In his 1971 book his book Rules for Radicals: A Pragmatic Primer for Realistic Radicals ,activist and writer Saul D. Alinsky wrote, “If you want to know how the shoe fits, ask the person who is wearing it, not the one who made it.”
It’s advice that city planners and designers would do well to take heed of. And it shouldn’t be a radical step. In business market research and customer focus groups are the norm; nothing comes to fruition without full consult of the audience it is being created for.
The same doesn’t hold true when it comes to designing our cities. Yet listening to the people who live in a city, the people it’s being created for, is one of the most important steps in creating a place and community that will flourish.
There are numerous benefits to harnessing ‘the wisdom of the crowd’ – a phrase first used by Aristotle in Polis, his text about citizenship. Cities only thrive when citizens participate in its life – when they co-operate with one another, and with the civic structures that operate. If something is created with a group, for their needs, there’s strong evidence to suggest that it will be used and maintained by them.

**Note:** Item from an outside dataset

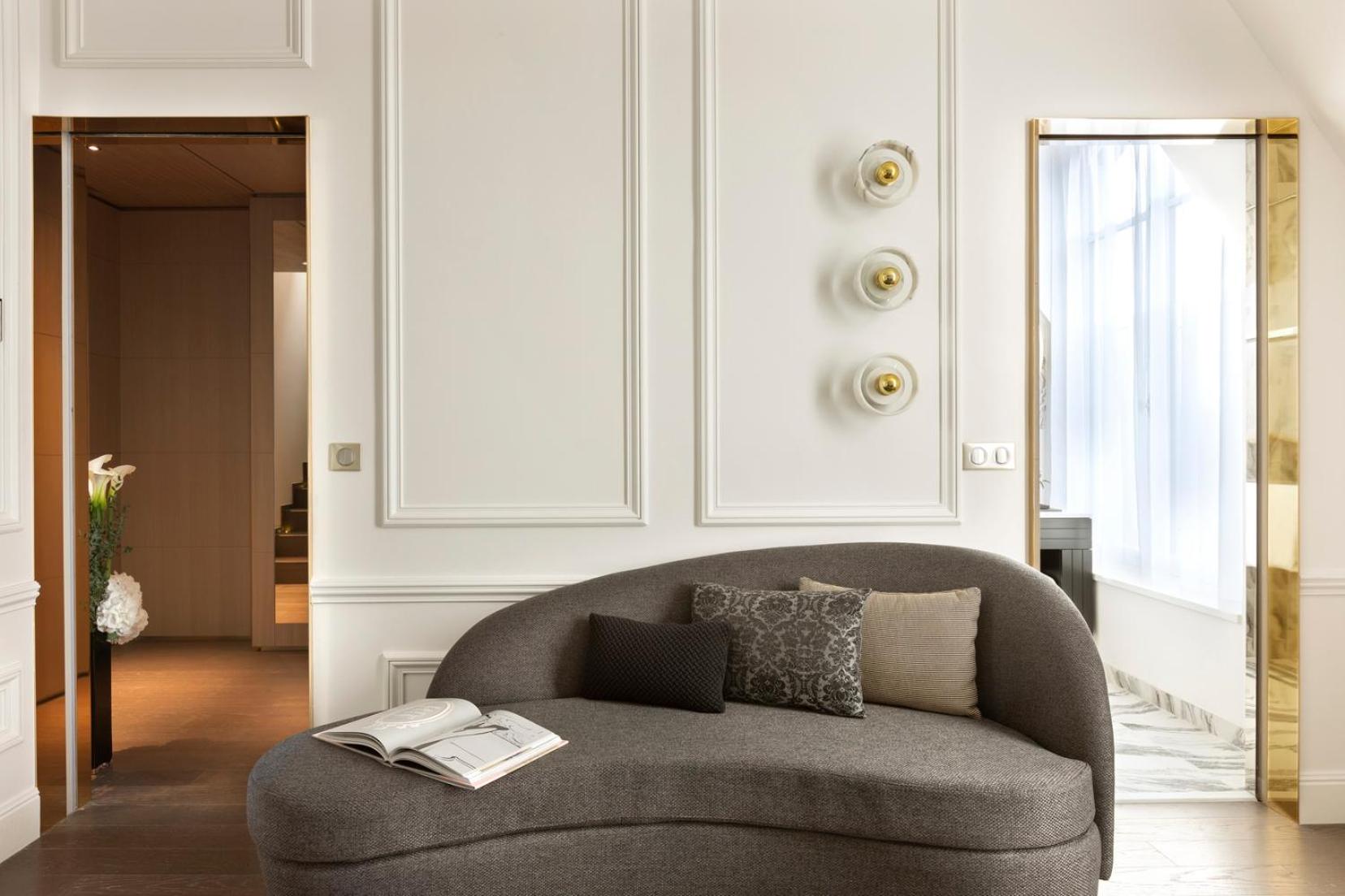 Duplex, Montmartre, King Bed، La Clef Champs-Elysees Paris By The Crest Collection 2/5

It’s not that planners completely ignore citizens. There is usually some kind of public consultation, granted. But sometimes it appears to be merely a formality. Sherry Arnstein, writing in 1969 about citizen involvement in planning processes in the United States, described a “ladder of citizen participation”, spanning the full range from non-participative manipulation to full on citizen control. Most current methods of citizen engagement seems to be hovering around levels 3 (informing), 4 (consultation) and 5 (placation). There’s often a sense that bureaucratic documentation and consultation is more a token ritual than true engagement. It’s at rung 6 – partnership – where planning and decision-making responsibilities are shared that change starts to happen.

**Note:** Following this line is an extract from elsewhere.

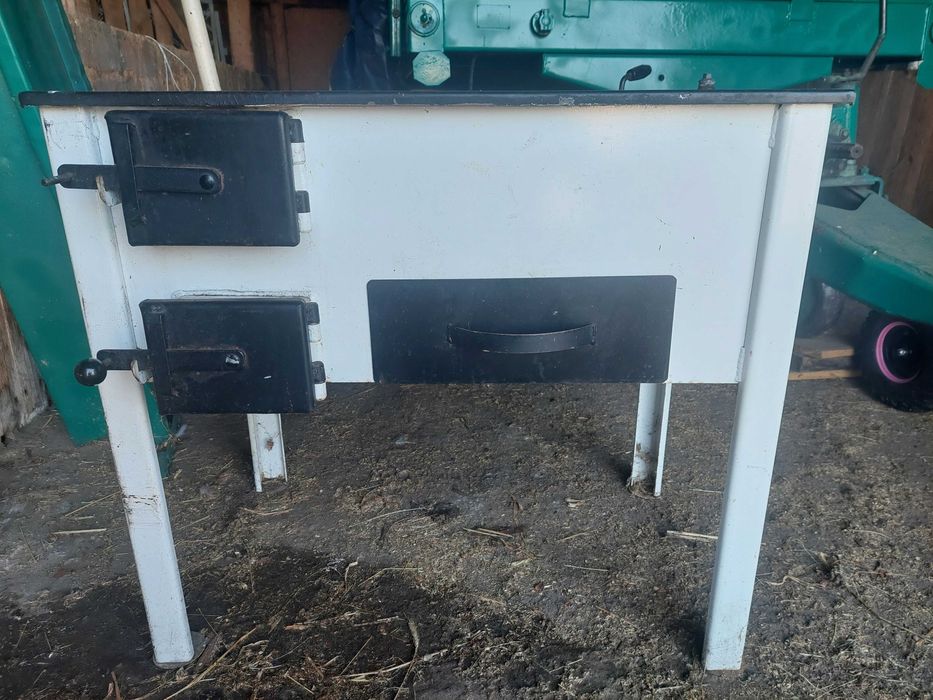 Kuchnia angielka z płaszczem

Including voices of a city’s people is not some utopian dream, impossible to achieve in the modern age. Around the world we see numerous examples of citizen activism and participatory design, varying from forums and arenas for discussion to strategic and long term projects.
A simple survey in Vienna in the 1990s was a catalyst for an entirely different approach to urban development. The researchers found that gender played a huge role in the use of public transportation. Men typically made short excursions, twice a day, to and from work. For women, it was more complex and varied, involving multiple trips using buses, trams, cars and pedestrian routes whilst they travelled to work, picked their children up from school, visited relatives, did the shopping – and all the other activities that continue to be considered the domain of women in society.

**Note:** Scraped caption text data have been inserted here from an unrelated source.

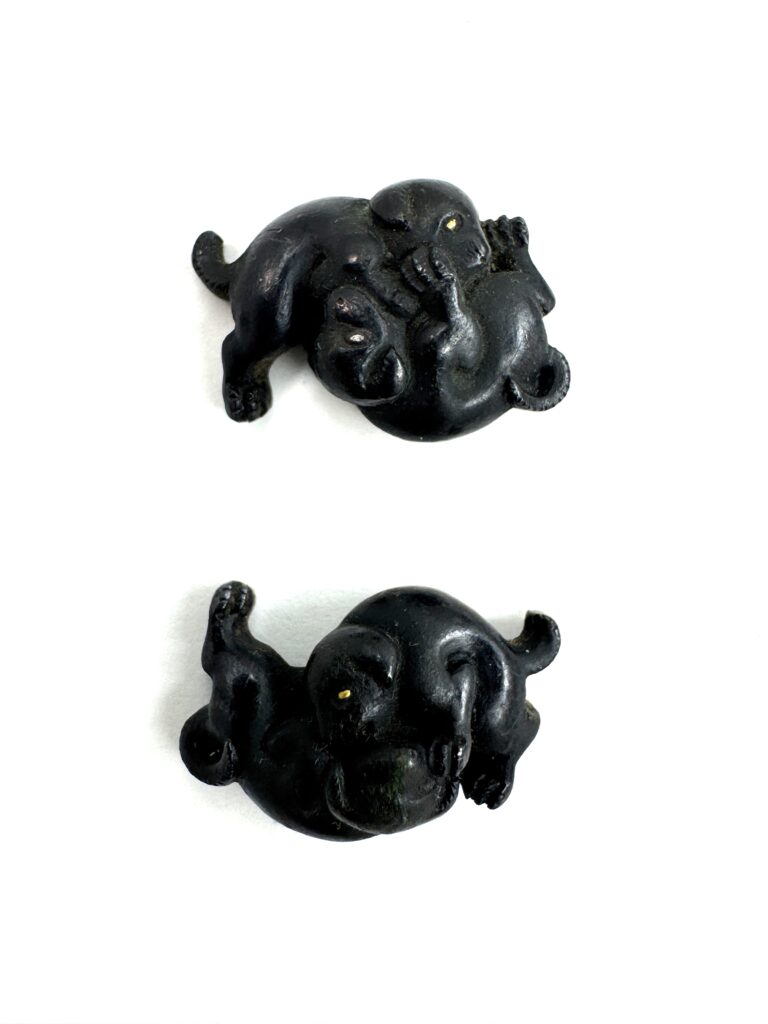 咬合狗児図目貫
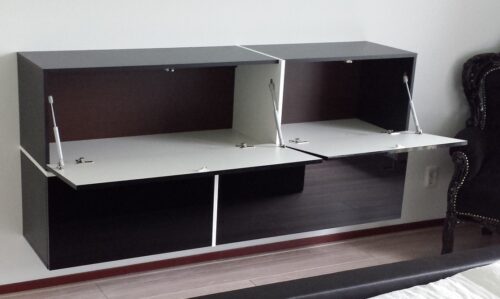 Zwevend dressoir tommy kleppen open zwart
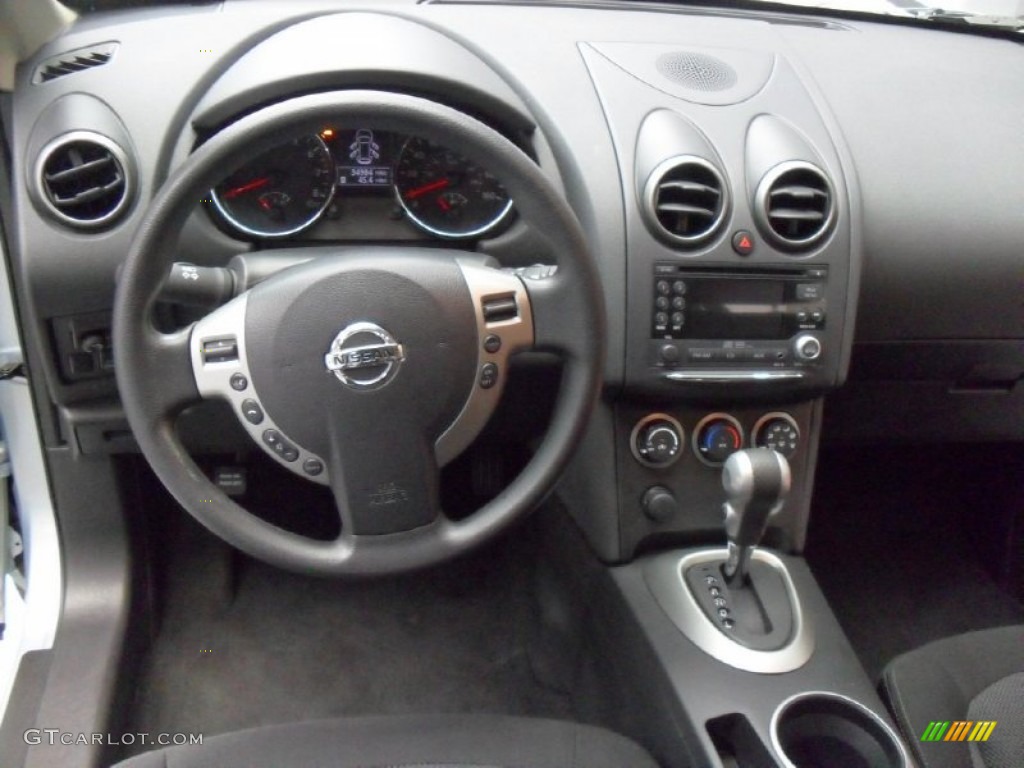 2011 Rogue SV AWD - Frosted Steel Metallic / Black photo #17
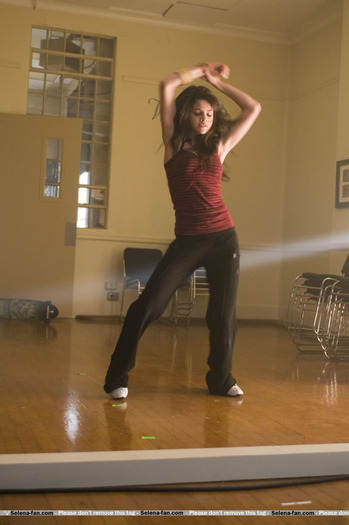 blogdelatele-kiss-sel-9 - selena in  another cinderella  story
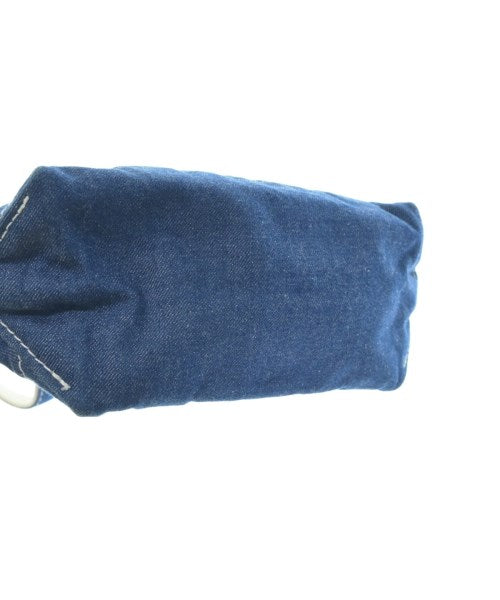 BLUE BLUE กระเป๋าถือขนาดใหญ่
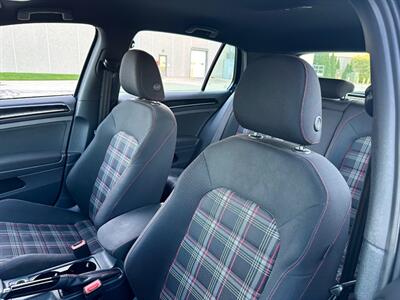 2016 Volkswagen Golf GTI S   - Photo 18 - Madison, WI 53716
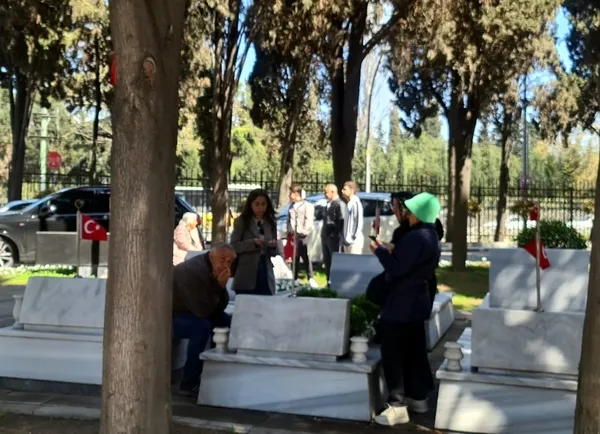 bayram-oncesi-sehitler-unutulmadi-bayram-arifesinde-mezarliklar-ziyaretcilerle-doldu-askerler-sehitlikte-saygi-1743255669370.jpg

As a result, the planners adapted transportation projects to women’s needs. This included wider pavements to make moving with pushchairs and wheelchairs easier, increased street lighting for safety, and more accessible networks between homes and the city’s resources. In 2008, the United Nations Human Settlements Programme included the Austrian capital’s city planning strategy in its register of best practices in improving the living environment.
Then there’s participatory budgeting, which has been used in cities including Porto Alegre, Brazil, and which essentially involves ordinary people deciding how to allocate part of the municipal budget. When people are economically invested in something, understanding how their taxes are being spent, and believing that they will make a difference, their level of concern is often amplified.
Its success has been demonstrated in a number of ways: by an increased level of participation, a more diverse board of governance, a growth in the number of schools, public housing, and the tripling of the share of the budget dedicated to housing and education (from 13 per cent to 40 per cent).
A study prepared for the World Bank described how, “This transparency and accountability mechanism has created a healthy tension between the administration and the citizens. Citizens’ participation ensures more people-oriented budget allocation decisions and their timely implementation.”
Similarly, when Melbourne City Council was creating a ten year financial plan, it called together 43 Melburnians to comment upon it. The Melbourne People’s Panel was a diverse group of both business owners and residents, most of whom had never previously been involved with the council. Together they developed a plan focusing upon where and how to invest resources in order to deliver for the maximum benefit to the city and its citizens. The theory was that these two things – the space and the people – should be considered together, rather than separately.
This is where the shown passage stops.